In the Empty Chunking method of allowing a request to take more than 30 seconds the web server sends HTTP/1.1 chunks every few seconds until the actual response is ready. Try it out! The downside of this method is that the HTTP response status code must be returned before the actual request’s result is available. The upside is that a single web request can stay open for as long as it needs. To use this method a web framework needs to support chunked responses and ideally is Reactive / Non-Blocking so that threads are only used when there is active I/O.

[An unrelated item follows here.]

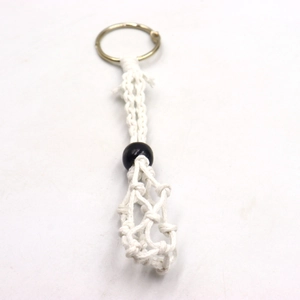 Detailed macro view of white hand-woven cotton macrame net bag for crystal necklace pendant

This method doesn’t require an Actor like the Redirect Polling method. A Future could be used instead but I wanted to keep the job piece the same for both methods. Here is a web request handler that does the empty chunking (full source):

def chunker = Action {
  val actorRef = actorSystem.actorOf(Props[LongJob])
  val futureResult = actorRef.ask(GetJobResult)(Timeout(2.minutes)).mapTo[String]
  futureResult.onComplete(_ => actorSystem.stop(actorRef)) // stop the actor

  val enumerator = Enumerator.generateM {
    // output spaces until the future is complete
    if (futureResult.isCompleted) Future.successful(None)
    else Promise.timeout(Some(" "), 5.seconds)
  } andThen {
    // return the result
    Enumerator.flatten(futureResult.map(Enumerator(_)))
  }

  Ok.chunked(enumerator)
}

This web request handler does the following when a request comes in:

  1. An instance of the LongJob Actor is created
  2. The Actor instance (actorRef) is asked for the result of the GetJobResult message and given two minutes to receive a result which is mapped to a String.
  3. An onComplete handler stops the Actor instance after a result is received or request has timed out.
  4. An Enumerator is created that outputs spaces every five seconds until the result has been received or timed out, at which time the result is outputted and is done.
  5. A HTTP 200 response is returned that is setup to chunk the output of the Enumerator

That is it! I’ve used this method in a number of places with Scala and Java in Play Framework making them fully Reactive. This logic could be wrapped into something more reusable. Let me know if you need that or need a Java example.

Wrapping Up

As you have seen it is pretty easy to have traditional web requests that take longer than 30 seconds on Heroku. While this is not ideal for background jobs it can be an easy way to deal with situations where it is overkill to implement “queue and push” for long requests. The full source for the Redirect Polling and Empty Chunking methods are on GitHub. Let me know if you have any questions.